Caption-style text data
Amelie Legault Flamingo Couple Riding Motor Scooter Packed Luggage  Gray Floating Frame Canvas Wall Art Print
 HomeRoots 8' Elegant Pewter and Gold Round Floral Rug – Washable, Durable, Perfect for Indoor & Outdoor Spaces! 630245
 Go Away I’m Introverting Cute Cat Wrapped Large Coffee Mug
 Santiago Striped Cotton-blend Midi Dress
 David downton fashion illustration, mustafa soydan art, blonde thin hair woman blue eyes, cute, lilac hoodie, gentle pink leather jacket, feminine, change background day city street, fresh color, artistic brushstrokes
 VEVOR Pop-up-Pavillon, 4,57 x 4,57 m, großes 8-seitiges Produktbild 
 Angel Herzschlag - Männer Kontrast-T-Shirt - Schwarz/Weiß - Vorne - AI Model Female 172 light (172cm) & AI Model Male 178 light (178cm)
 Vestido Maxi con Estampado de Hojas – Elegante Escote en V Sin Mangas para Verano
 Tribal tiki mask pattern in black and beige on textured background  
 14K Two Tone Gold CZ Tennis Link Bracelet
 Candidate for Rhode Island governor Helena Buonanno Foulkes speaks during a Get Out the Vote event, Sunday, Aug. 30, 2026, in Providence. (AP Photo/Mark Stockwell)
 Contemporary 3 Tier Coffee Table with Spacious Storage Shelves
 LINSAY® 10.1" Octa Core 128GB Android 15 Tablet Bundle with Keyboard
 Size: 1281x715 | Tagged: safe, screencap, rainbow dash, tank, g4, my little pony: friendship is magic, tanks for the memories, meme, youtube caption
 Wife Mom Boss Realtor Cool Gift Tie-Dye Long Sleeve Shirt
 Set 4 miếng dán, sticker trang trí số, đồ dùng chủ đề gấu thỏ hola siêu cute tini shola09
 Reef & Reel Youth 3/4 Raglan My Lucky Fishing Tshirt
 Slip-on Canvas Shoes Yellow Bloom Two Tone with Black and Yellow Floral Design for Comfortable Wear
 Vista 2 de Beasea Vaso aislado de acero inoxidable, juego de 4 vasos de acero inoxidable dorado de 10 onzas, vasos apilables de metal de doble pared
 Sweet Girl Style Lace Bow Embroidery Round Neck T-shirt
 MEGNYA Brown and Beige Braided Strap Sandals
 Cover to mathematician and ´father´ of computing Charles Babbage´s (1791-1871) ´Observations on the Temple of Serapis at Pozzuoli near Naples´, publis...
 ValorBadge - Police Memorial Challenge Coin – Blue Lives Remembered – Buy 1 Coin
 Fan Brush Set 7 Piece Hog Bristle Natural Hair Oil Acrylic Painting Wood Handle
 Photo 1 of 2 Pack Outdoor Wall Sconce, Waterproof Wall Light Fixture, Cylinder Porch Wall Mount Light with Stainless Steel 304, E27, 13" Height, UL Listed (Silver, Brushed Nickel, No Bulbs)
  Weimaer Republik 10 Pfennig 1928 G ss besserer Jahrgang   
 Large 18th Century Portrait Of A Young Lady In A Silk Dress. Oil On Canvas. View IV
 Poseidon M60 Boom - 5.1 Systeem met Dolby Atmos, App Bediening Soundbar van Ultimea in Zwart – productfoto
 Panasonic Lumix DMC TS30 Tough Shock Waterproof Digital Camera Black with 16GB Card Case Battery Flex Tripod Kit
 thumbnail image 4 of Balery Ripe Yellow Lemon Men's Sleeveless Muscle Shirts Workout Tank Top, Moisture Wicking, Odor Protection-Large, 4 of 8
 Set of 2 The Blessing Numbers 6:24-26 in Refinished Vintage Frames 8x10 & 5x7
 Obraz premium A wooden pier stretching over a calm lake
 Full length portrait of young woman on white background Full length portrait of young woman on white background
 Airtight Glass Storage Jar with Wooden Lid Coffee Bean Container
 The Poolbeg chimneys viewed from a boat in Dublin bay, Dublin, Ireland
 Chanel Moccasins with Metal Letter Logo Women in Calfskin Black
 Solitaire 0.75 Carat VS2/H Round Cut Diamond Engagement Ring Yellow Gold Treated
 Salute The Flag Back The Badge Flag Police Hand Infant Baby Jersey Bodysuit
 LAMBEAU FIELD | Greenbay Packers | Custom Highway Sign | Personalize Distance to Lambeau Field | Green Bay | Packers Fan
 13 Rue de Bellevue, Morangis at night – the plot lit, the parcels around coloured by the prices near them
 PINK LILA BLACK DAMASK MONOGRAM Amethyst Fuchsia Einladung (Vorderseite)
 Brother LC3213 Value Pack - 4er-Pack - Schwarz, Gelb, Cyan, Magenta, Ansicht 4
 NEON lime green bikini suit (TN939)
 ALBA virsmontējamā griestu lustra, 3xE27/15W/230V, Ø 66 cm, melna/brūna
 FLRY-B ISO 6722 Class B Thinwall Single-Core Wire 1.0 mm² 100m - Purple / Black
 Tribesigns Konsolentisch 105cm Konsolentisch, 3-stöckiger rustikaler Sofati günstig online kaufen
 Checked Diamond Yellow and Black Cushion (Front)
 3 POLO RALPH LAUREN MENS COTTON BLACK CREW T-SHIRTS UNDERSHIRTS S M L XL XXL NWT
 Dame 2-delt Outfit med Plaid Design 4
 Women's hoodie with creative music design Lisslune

§ Task description
In full and exactly as written, repeat the data.

§ Exercise output
Amelie Legault Flamingo Couple Riding Motor Scooter Packed Luggage  Gray Floating Frame Canvas Wall Art Print
 HomeRoots 8' Elegant Pewter and Gold Round Floral Rug – Washable, Durable, Perfect for Indoor & Outdoor Spaces! 630245
 Go Away I’m Introverting Cute Cat Wrapped Large Coffee Mug
 Santiago Striped Cotton-blend Midi Dress
 David downton fashion illustration, mustafa soydan art, blonde thin hair woman blue eyes, cute, lilac hoodie, gentle pink leather jacket, feminine, change background day city street, fresh color, artistic brushstrokes
 VEVOR Pop-up-Pavillon, 4,57 x 4,57 m, großes 8-seitiges Produktbild 
 Angel Herzschlag - Männer Kontrast-T-Shirt - Schwarz/Weiß - Vorne - AI Model Female 172 light (172cm) & AI Model Male 178 light (178cm)
 Vestido Maxi con Estampado de Hojas – Elegante Escote en V Sin Mangas para Verano
 Tribal tiki mask pattern in black and beige on textured background  
 14K Two Tone Gold CZ Tennis Link Bracelet
 Candidate for Rhode Island governor Helena Buonanno Foulkes speaks during a Get Out the Vote event, Sunday, Aug. 30, 2026, in Providence. (AP Photo/Mark Stockwell)
 Contemporary 3 Tier Coffee Table with Spacious Storage Shelves
 LINSAY® 10.1" Octa Core 128GB Android 15 Tablet Bundle with Keyboard
 Size: 1281x715 | Tagged: safe, screencap, rainbow dash, tank, g4, my little pony: friendship is magic, tanks for the memories, meme, youtube caption
 Wife Mom Boss Realtor Cool Gift Tie-Dye Long Sleeve Shirt
 Set 4 miếng dán, sticker trang trí số, đồ dùng chủ đề gấu thỏ hola siêu cute tini shola09
 Reef & Reel Youth 3/4 Raglan My Lucky Fishing Tshirt
 Slip-on Canvas Shoes Yellow Bloom Two Tone with Black and Yellow Floral Design for Comfortable Wear
 Vista 2 de Beasea Vaso aislado de acero inoxidable, juego de 4 vasos de acero inoxidable dorado de 10 onzas, vasos apilables de metal de doble pared
 Sweet Girl Style Lace Bow Embroidery Round Neck T-shirt
 MEGNYA Brown and Beige Braided Strap Sandals
 Cover to mathematician and ´father´ of computing Charles Babbage´s (1791-1871) ´Observations on the Temple of Serapis at Pozzuoli near Naples´, publis...
 ValorBadge - Police Memorial Challenge Coin – Blue Lives Remembered – Buy 1 Coin
 Fan Brush Set 7 Piece Hog Bristle Natural Hair Oil Acrylic Painting Wood Handle
 Photo 1 of 2 Pack Outdoor Wall Sconce, Waterproof Wall Light Fixture, Cylinder Porch Wall Mount Light with Stainless Steel 304, E27, 13" Height, UL Listed (Silver, Brushed Nickel, No Bulbs)
  Weimaer Republik 10 Pfennig 1928 G ss besserer Jahrgang   
 Large 18th Century Portrait Of A Young Lady In A Silk Dress. Oil On Canvas. View IV
 Poseidon M60 Boom - 5.1 Systeem met Dolby Atmos, App Bediening Soundbar van Ultimea in Zwart – productfoto
 Panasonic Lumix DMC TS30 Tough Shock Waterproof Digital Camera Black with 16GB Card Case Battery Flex Tripod Kit
 thumbnail image 4 of Balery Ripe Yellow Lemon Men's Sleeveless Muscle Shirts Workout Tank Top, Moisture Wicking, Odor Protection-Large, 4 of 8
 Set of 2 The Blessing Numbers 6:24-26 in Refinished Vintage Frames 8x10 & 5x7
 Obraz premium A wooden pier stretching over a calm lake
 Full length portrait of young woman on white background Full length portrait of young woman on white background
 Airtight Glass Storage Jar with Wooden Lid Coffee Bean Container
 The Poolbeg chimneys viewed from a boat in Dublin bay, Dublin, Ireland
 Chanel Moccasins with Metal Letter Logo Women in Calfskin Black
 Solitaire 0.75 Carat VS2/H Round Cut Diamond Engagement Ring Yellow Gold Treated
 Salute The Flag Back The Badge Flag Police Hand Infant Baby Jersey Bodysuit
 LAMBEAU FIELD | Greenbay Packers | Custom Highway Sign | Personalize Distance to Lambeau Field | Green Bay | Packers Fan
 13 Rue de Bellevue, Morangis at night – the plot lit, the parcels around coloured by the prices near them
 PINK LILA BLACK DAMASK MONOGRAM Amethyst Fuchsia Einladung (Vorderseite)
 Brother LC3213 Value Pack - 4er-Pack - Schwarz, Gelb, Cyan, Magenta, Ansicht 4
 NEON lime green bikini suit (TN939)
 ALBA virsmontējamā griestu lustra, 3xE27/15W/230V, Ø 66 cm, melna/brūna
 FLRY-B ISO 6722 Class B Thinwall Single-Core Wire 1.0 mm² 100m - Purple / Black
 Tribesigns Konsolentisch 105cm Konsolentisch, 3-stöckiger rustikaler Sofati günstig online kaufen
 Checked Diamond Yellow and Black Cushion (Front)
 3 POLO RALPH LAUREN MENS COTTON BLACK CREW T-SHIRTS UNDERSHIRTS S M L XL XXL NWT
 Dame 2-delt Outfit med Plaid Design 4
 Women's hoodie with creative music design Lisslune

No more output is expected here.